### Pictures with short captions
-----

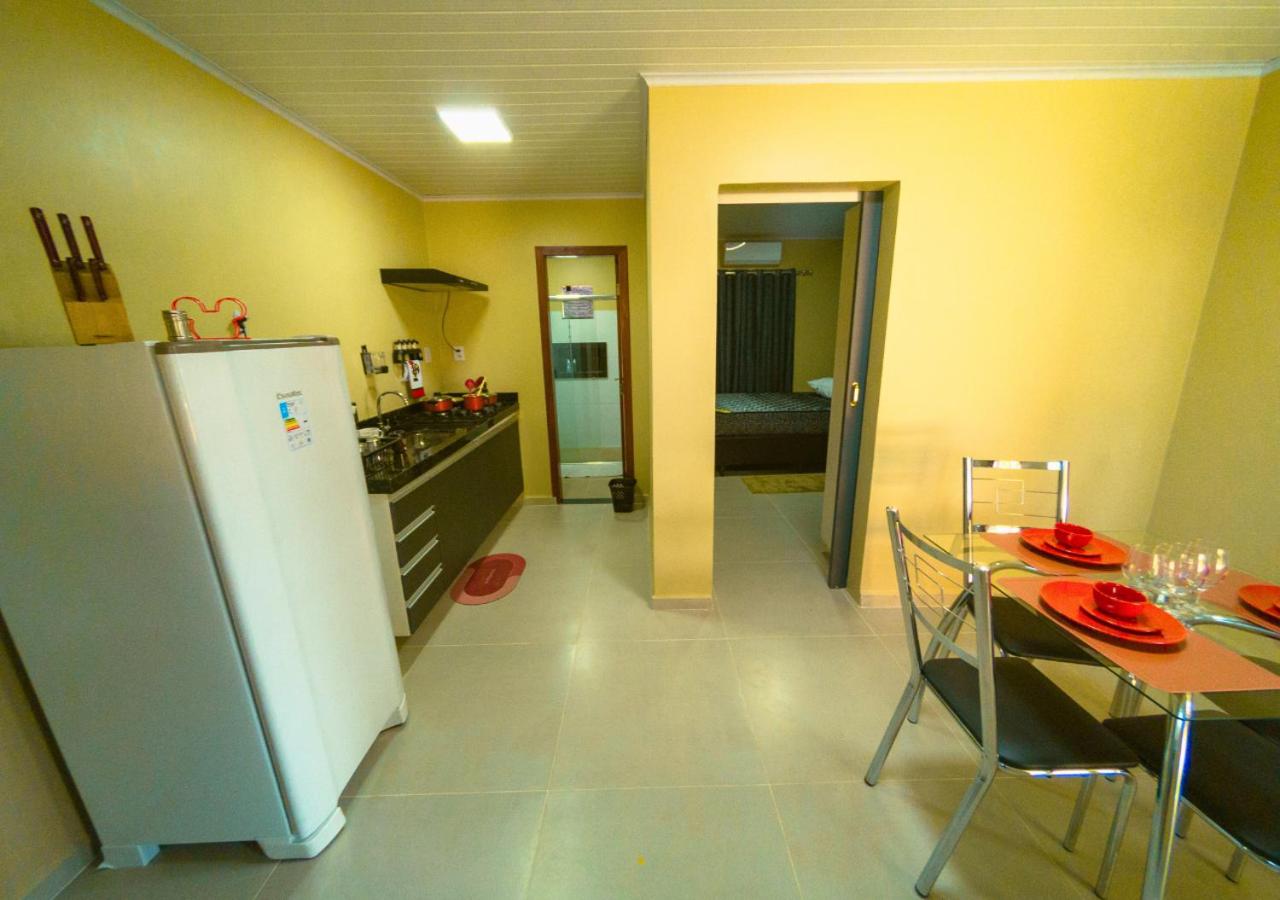 Apartamento Encantador em Boa Vista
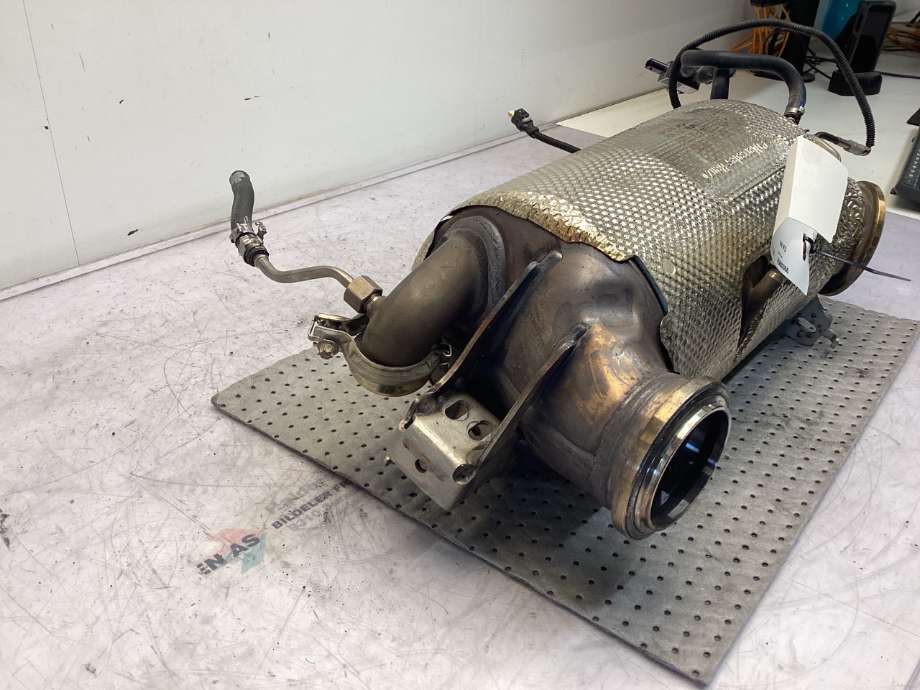 Partikkelfilter til Mercedes E-Klasse 2016-2023 (W213) (W213) (MERCEDES|A 654 140 28 00|)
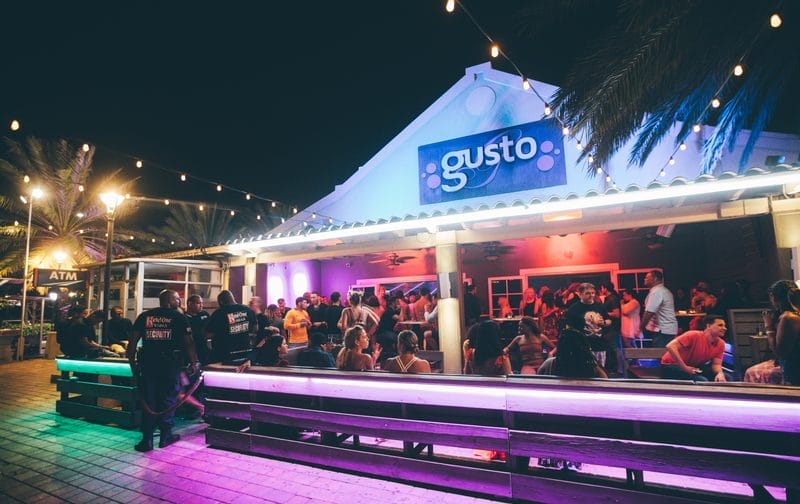 Gusto Night Club Aruba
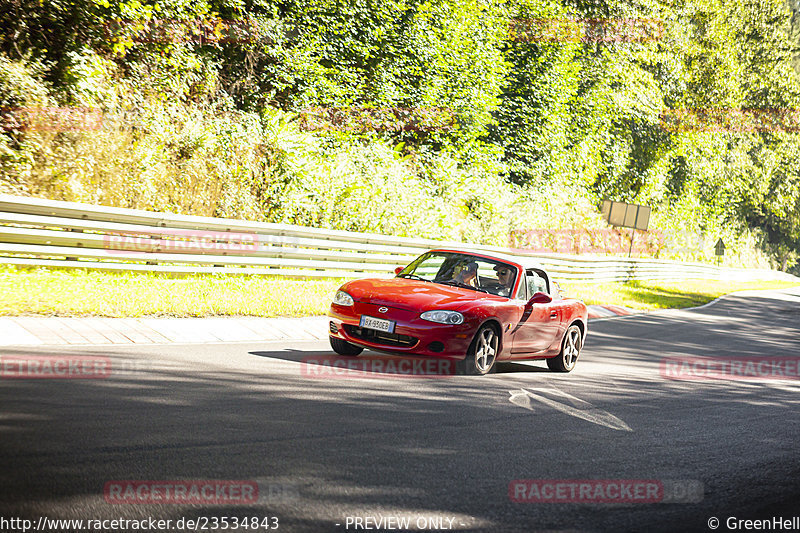 Bild #23534843 - Touristenfahrten Nürburgring Nordschleife (10.08.2023)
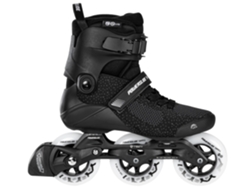 Patines Powerslide Swell Lite Negro 100 40-41 (510055)
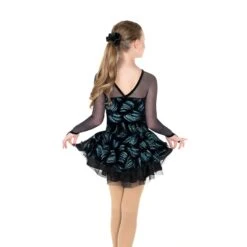 Jerry's 736 Ballet Noir Dress Youth -Jerry's 736Back 2025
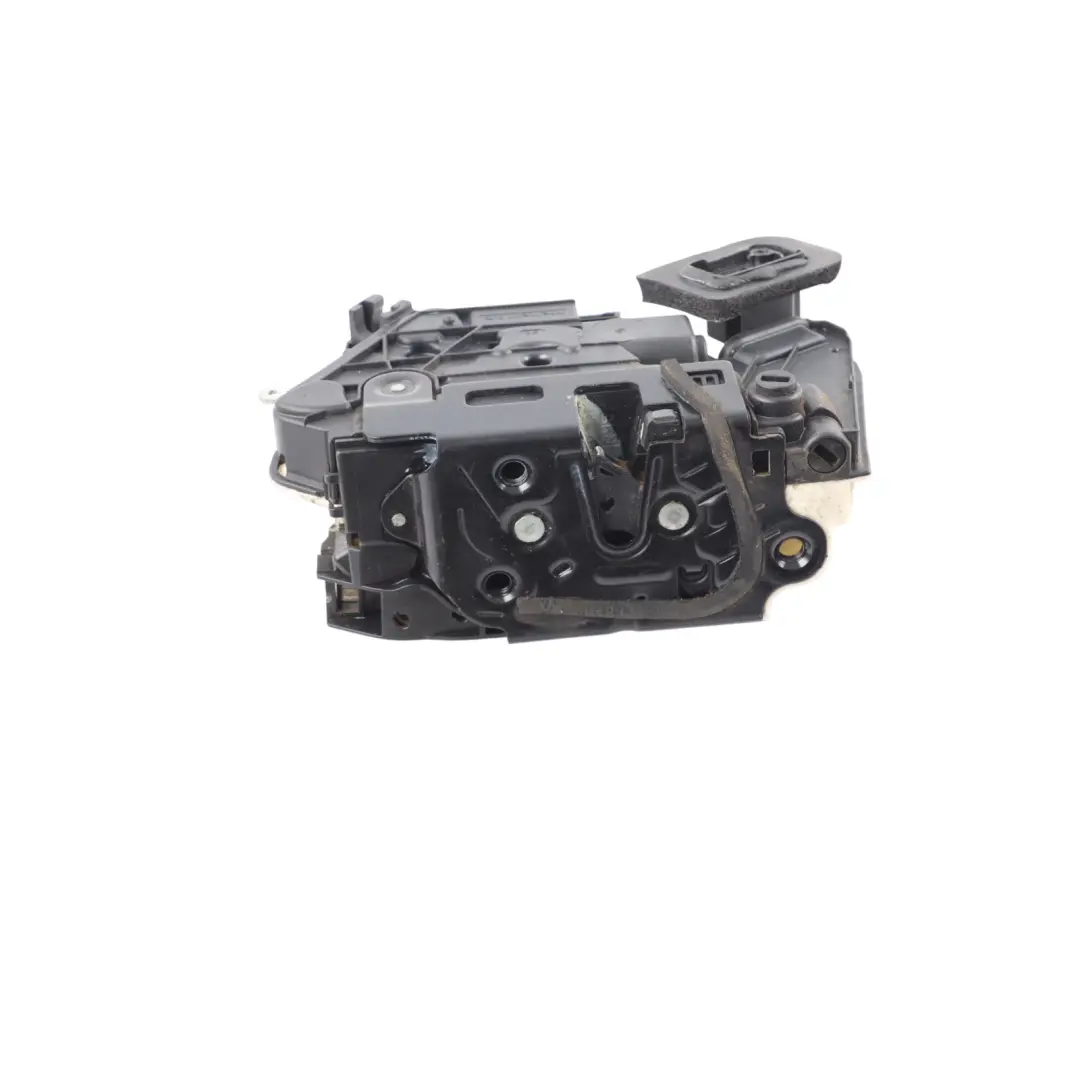VW Polo 6R Mecanismo De La Cerradura De La Puerta Trasera Derecha - SKU 5K4839016F - Número de pieza 5K4839016F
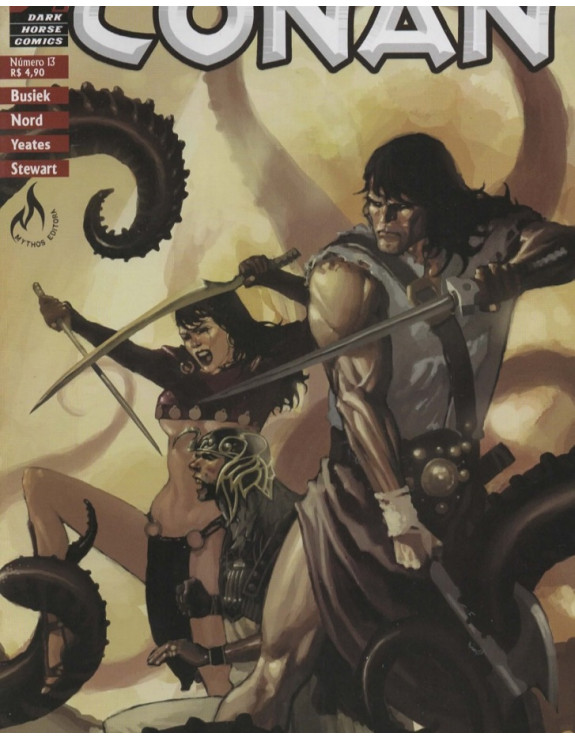 CONAN O CIMERIO 13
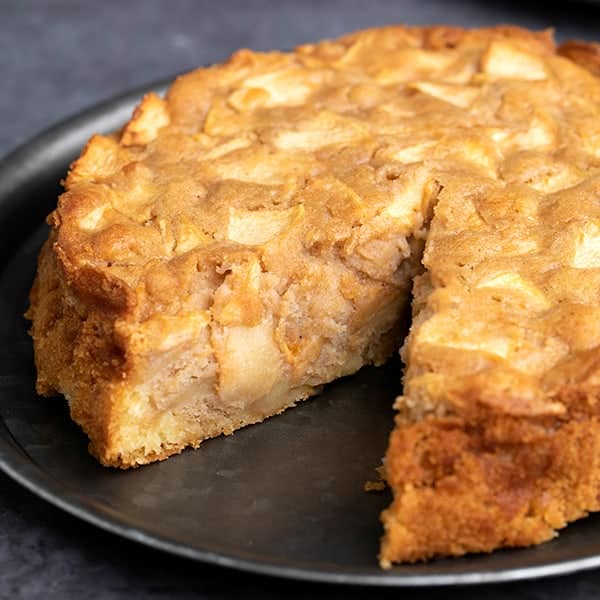 Easy Bake Ultimate Oven Cinnamon Apple Cake Recipe 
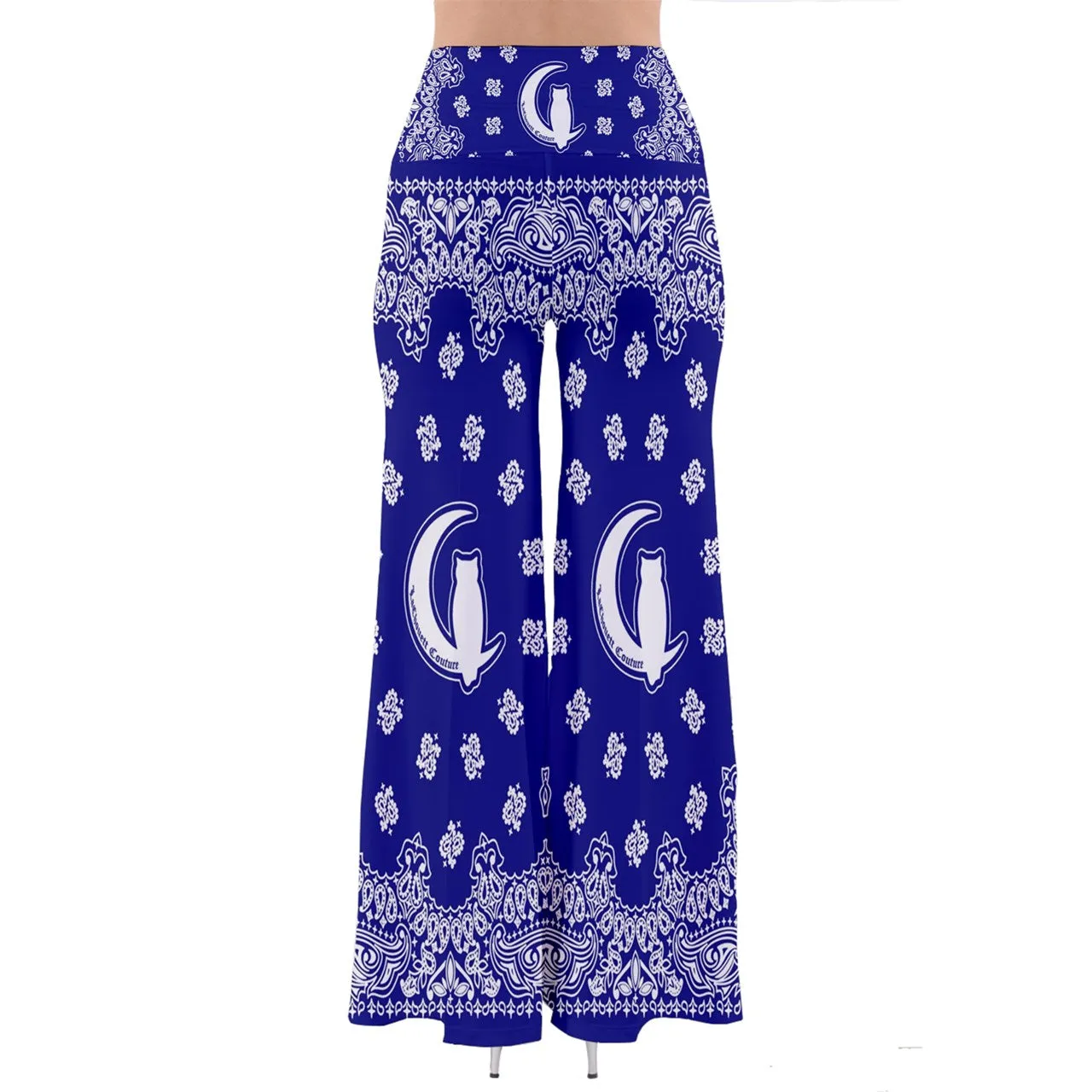 Bandana Cs'up So Vintage Palazzo Pants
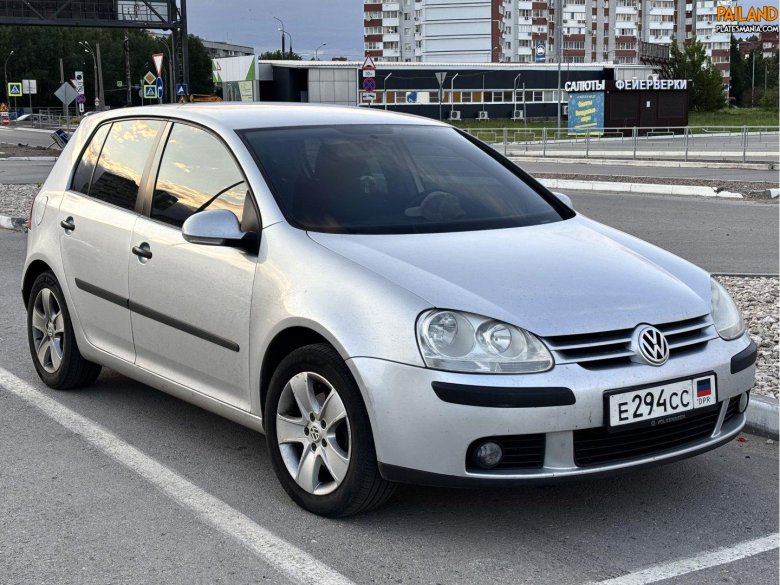 Фольксваген гольф 2004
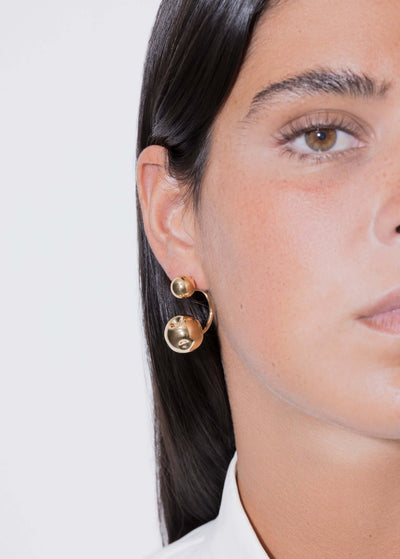 boucles d'oreilles pamela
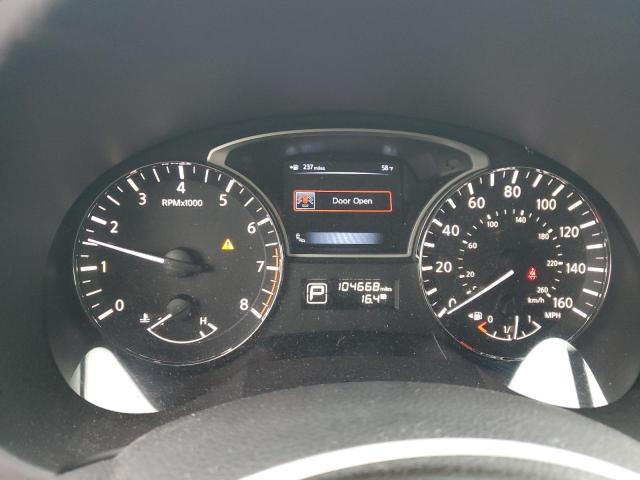 1N4AL3AP1DC285195 - 2013 NISSAN ALTIMA 2.5 BLACK photo 9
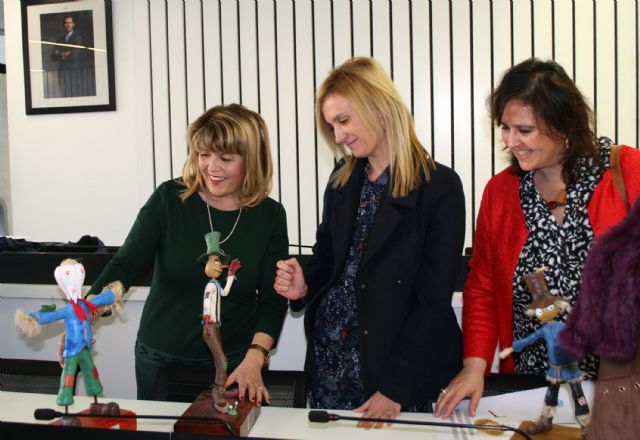 El Raspajo de las Fiestas Patronales 2017 saldrá de un concurso de dibujo - 2, Foto 2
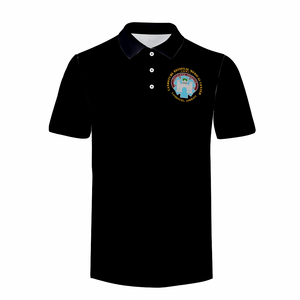 Custom Shirts All Over Print POLO Neck Shirts - Army - Landstuhl Regional Medical Center - Landstuhl Germany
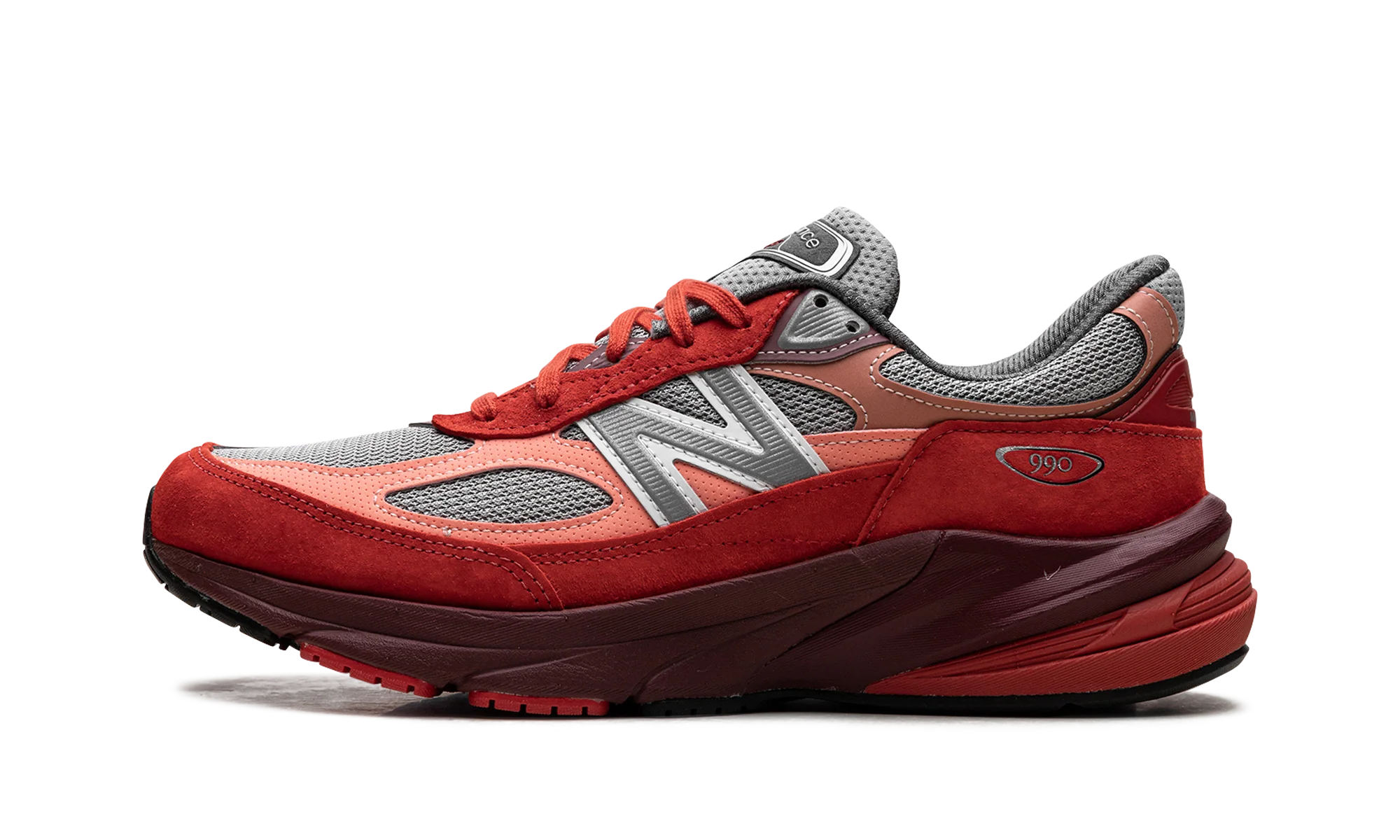 990v6 "Made in USA - Molten Lava" U990RT6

-----

### Work task
Write the records above out again word for word, skipping each picture.

### Response to this exercise
 Apartamento Encantador em Boa Vista
 Partikkelfilter til Mercedes E-Klasse 2016-2023 (W213) (W213) (MERCEDES|A 654 140 28 00|)
 Gusto Night Club Aruba
 Bild #23534843 - Touristenfahrten Nürburgring Nordschleife (10.08.2023)
 Patines Powerslide Swell Lite Negro 100 40-41 (510055)
 Jerry's 736 Ballet Noir Dress Youth -Jerry's 736Back 2025
VW Polo 6R Mecanismo De La Cerradura De La Puerta Trasera Derecha - SKU 5K4839016F - Número de pieza 5K4839016F
 CONAN O CIMERIO 13
 Easy Bake Ultimate Oven Cinnamon Apple Cake Recipe 
 Bandana Cs'up So Vintage Palazzo Pants
 Фольксваген гольф 2004
 boucles d'oreilles pamela
 1N4AL3AP1DC285195 - 2013 NISSAN ALTIMA 2.5 BLACK photo 9
 El Raspajo de las Fiestas Patronales 2017 saldrá de un concurso de dibujo - 2, Foto 2
 Custom Shirts All Over Print POLO Neck Shirts - Army - Landstuhl Regional Medical Center - Landstuhl Germany
 990v6 "Made in USA - Molten Lava" U990RT6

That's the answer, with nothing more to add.